The next day Bill chose to lounge. "Hey, I'm on vacation," he insisted (we had decided it was OK to say that), so Rick, Steve, and I skied back down without him. This time we found Ragged Falls, a warm waterfall 50 feet high, created from a river 50 feet wide. It was absurd: massive white drifts sloping into a three-foot strip of lush green grass bordering a huge, hot, steaming river. We spent two hours cavorting like ten-year-olds, floating, bobbing, sputtering, clambering naked up and down through the falls.
After that day we had no doubts. The epic was out. Surprising what kind of freedom this gives you. We decided to relocate basecamp to the Shoshone Geyser Basin.
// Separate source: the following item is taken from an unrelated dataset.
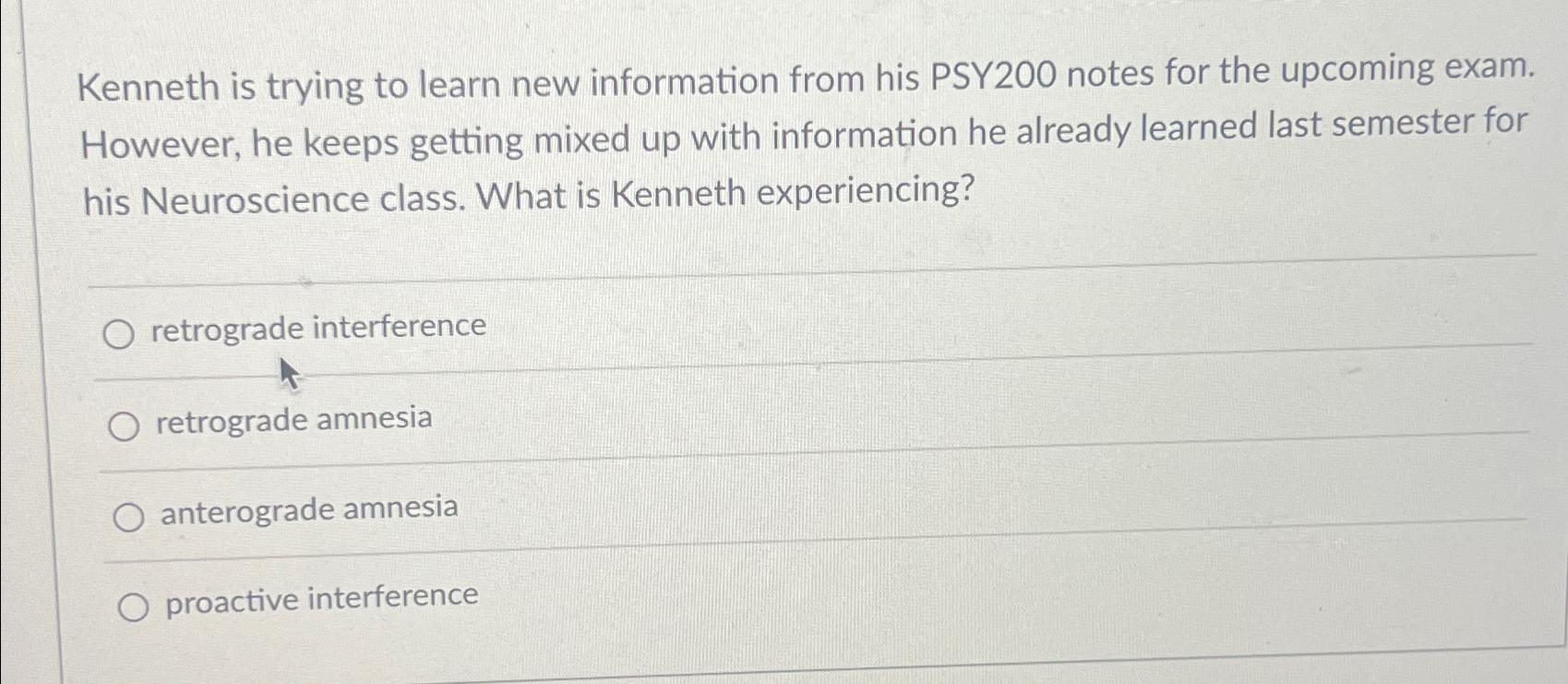 Solved Kenneth is trying to learn new information from his | Chegg.com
It took one day. En route we crossed four sets of fresh bear tracks: one left by a lone grizzly, two presumably set by a grizzly sow and her cub, and one belonging to a black bear. We crossed deer tracks, elk tracks, and moose tracks. In one valley a woodpecker head-hammered high in a dead pine. Camp robbers, gray and greedy, kept watch of our progress bounding limb to limb. Huge blue sandhill cranes, like kites playing tag, scythed just above the trees.
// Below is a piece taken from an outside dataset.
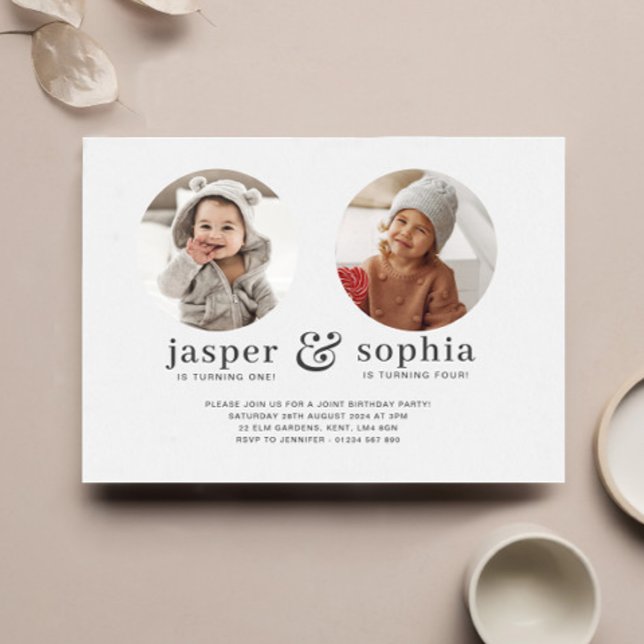 Invitation Carton d'invitation rond à l'anniversaire conjoint (Créateur téléchargé)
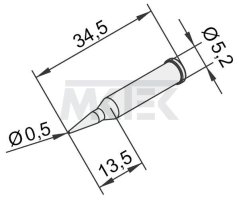 Spájkovací hrot ERSA pre i-Tool, rovný, ceruzkovitý, predĺžený, 0.5 mm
The Shoshone Geyser Basin is one of the largest thermal areas on the face of the earth. The last time I skied across Yellowstone, I was on an epic-making excursion, so I skipped it. Steve, Bill, Rick, and I spent half a week there, doing thorough, spirograph-like recons of the entire basin.
One day, after fording several swamps and inlets, Rick, Steve, and I found ourselves standing on a reed-covered spit separated from shore by a 60-foot expanse of open water. By now we had the routine down. Strip to absolutely nothing. Stuff everything in your pack but skis and poles. Make two trips.
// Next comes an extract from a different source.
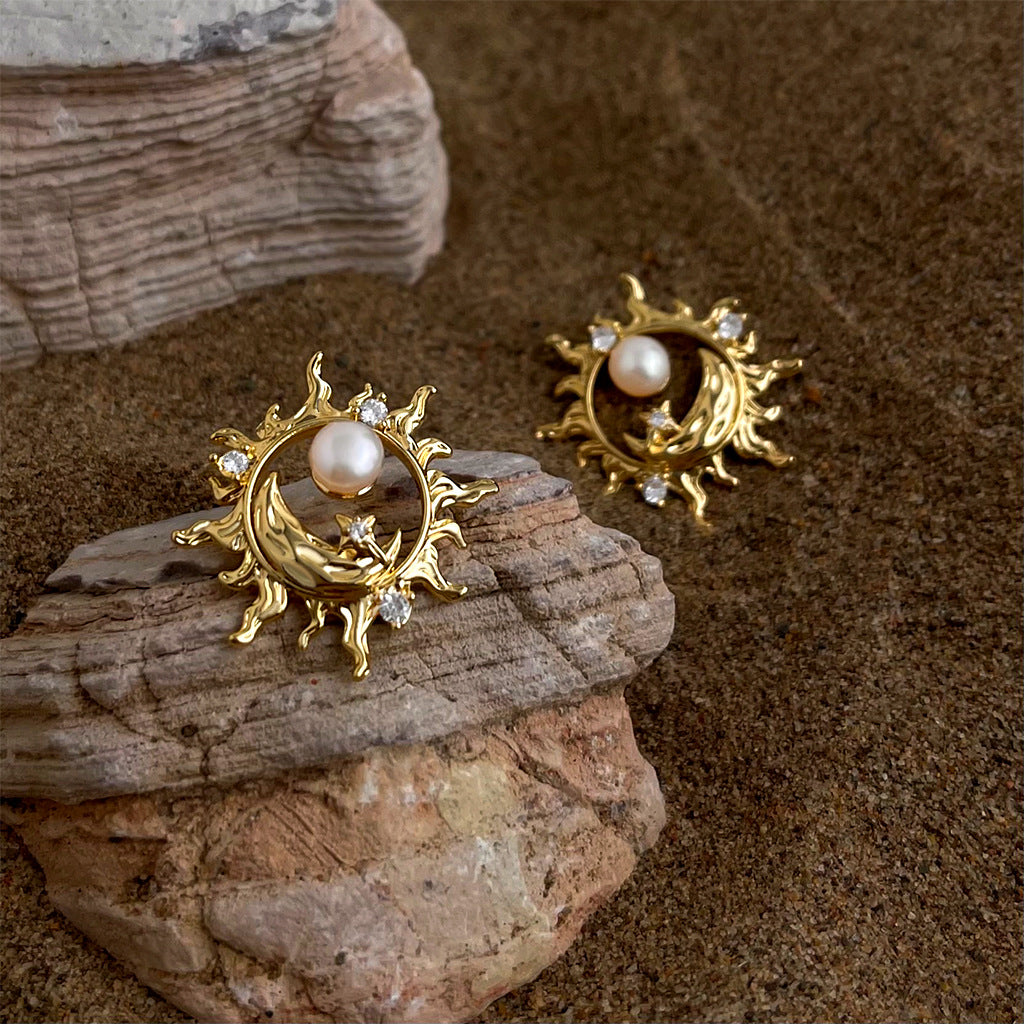 Mzia | Sun and Moon Freshwater Pearl Gold Stud Earrings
Shivering, I balanced my pack on my head and waded out. Warm water rose over my calves, then up over my knees. Then up around my waist, then to my chest. Stepping delicately, I had moved more than halfway across when... the water suddenly swallowed me. Before I could even yelp I went under, black liquid closing over my head, leaving the pack floating alone on the water. Adrenaline and fear shot me back to the surface. Stroking, retreating, dragging the pack through the water, I splashed back to shore. That's the kind of thing you can do in Yellowstone and not have an ordeal. So that's what we did, for three days. We played.
Our two weeks were almost gone when we decided to ski across Shoshone Lake. Knowing it was two feet deep in slush during the day, we waited until midnight, pulled up camp, and gingerly skied out onto the ice.
Invisible specks of snow pattered our faces on a night like the first. Cold, moonless, shadowless. Wet clouds had sucked down over the lake. But four hours of darkness had not been enough to change the enormous bowl of mush back into ice. Sometimes our skis held. Sometimes we would hear a sick snap that would send goosebumps down our necks. Then we would drop to our calves or deeper in jagged icecubes and frozen slush, let out little screams, and crash forward until we regained solid ice. Kind of horrifying at first, but we got used to it.
Serious fractures, those that penetrated into open water, we crossed at right angles. Switching leads, each man got his own chance to go for a swim. But by 5 A.M. we'd traversed Shoshone Lake without mishap. We bivied beside Lewis River for two hours.
It was snowing when we got up. Bill wore his usual massive grin. It was his birthday.
"Ya know, felt like I was on the pointy end of the rope the whole damn night." He was saying it like he always did, at once serious and comical.
I started to chuckle. Steve broke a crooked smile. Rick let out a great laugh that rebounded off the valley walls.
That night had been the most epiclike of the whole tour, and it had been nothing, a cake walk. And we'd still had a great time.
Thing is, epics aren't all they're cracked up to be. Sometimes they're plain narcissistic. When you get frostbite or dysentery or face death, you become the center of your own universe. Your own struggle comes whistling so loud in your ear that you can't hear the earth, can't stop and listen to the landscape. Yellowstone, given the chance, won't let you get away with that.